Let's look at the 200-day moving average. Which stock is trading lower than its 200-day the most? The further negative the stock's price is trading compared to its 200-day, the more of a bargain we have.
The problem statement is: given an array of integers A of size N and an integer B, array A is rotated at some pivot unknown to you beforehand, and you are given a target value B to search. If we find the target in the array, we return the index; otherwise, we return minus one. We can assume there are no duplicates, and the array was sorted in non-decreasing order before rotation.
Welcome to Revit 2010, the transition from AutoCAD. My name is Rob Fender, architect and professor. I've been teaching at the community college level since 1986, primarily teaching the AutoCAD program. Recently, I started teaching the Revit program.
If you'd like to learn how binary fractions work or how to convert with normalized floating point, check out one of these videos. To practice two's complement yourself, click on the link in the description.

---

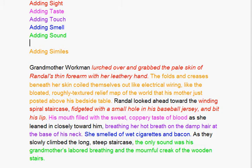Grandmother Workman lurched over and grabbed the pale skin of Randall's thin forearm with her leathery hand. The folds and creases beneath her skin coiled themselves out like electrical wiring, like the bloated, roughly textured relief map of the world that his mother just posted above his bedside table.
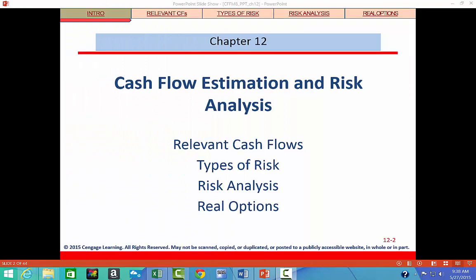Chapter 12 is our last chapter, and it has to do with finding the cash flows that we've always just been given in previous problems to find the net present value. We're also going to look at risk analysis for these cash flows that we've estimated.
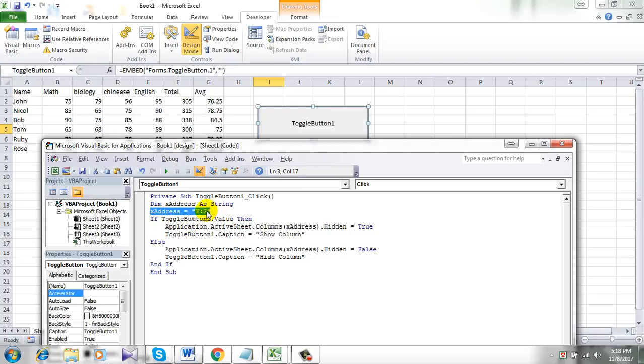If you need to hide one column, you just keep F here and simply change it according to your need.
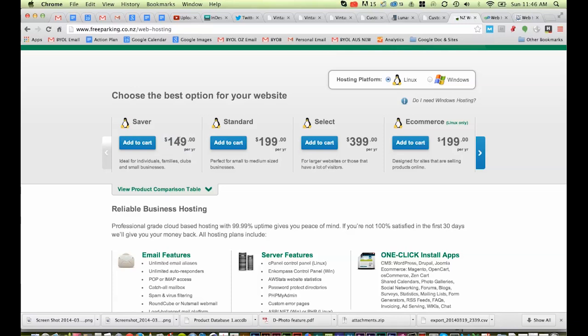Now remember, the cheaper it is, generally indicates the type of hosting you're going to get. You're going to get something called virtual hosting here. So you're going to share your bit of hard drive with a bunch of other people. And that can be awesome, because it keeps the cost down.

**About this exercise:** Given the records above, restate word for word only the lines starting at the one with "The problem statement" and ending at the one with "If you'd like".

**Reply to the exercise:**
The problem statement is: given an array of integers A of size N and an integer B, array A is rotated at some pivot unknown to you beforehand, and you are given a target value B to search. If we find the target in the array, we return the index; otherwise, we return minus one. We can assume there are no duplicates, and the array was sorted in non-decreasing order before rotation.
Welcome to Revit 2010, the transition from AutoCAD. My name is Rob Fender, architect and professor. I've been teaching at the community college level since 1986, primarily teaching the AutoCAD program. Recently, I started teaching the Revit program.
If you'd like to learn how binary fractions work or how to convert with normalized floating point, check out one of these videos. To practice two's complement yourself, click on the link in the description.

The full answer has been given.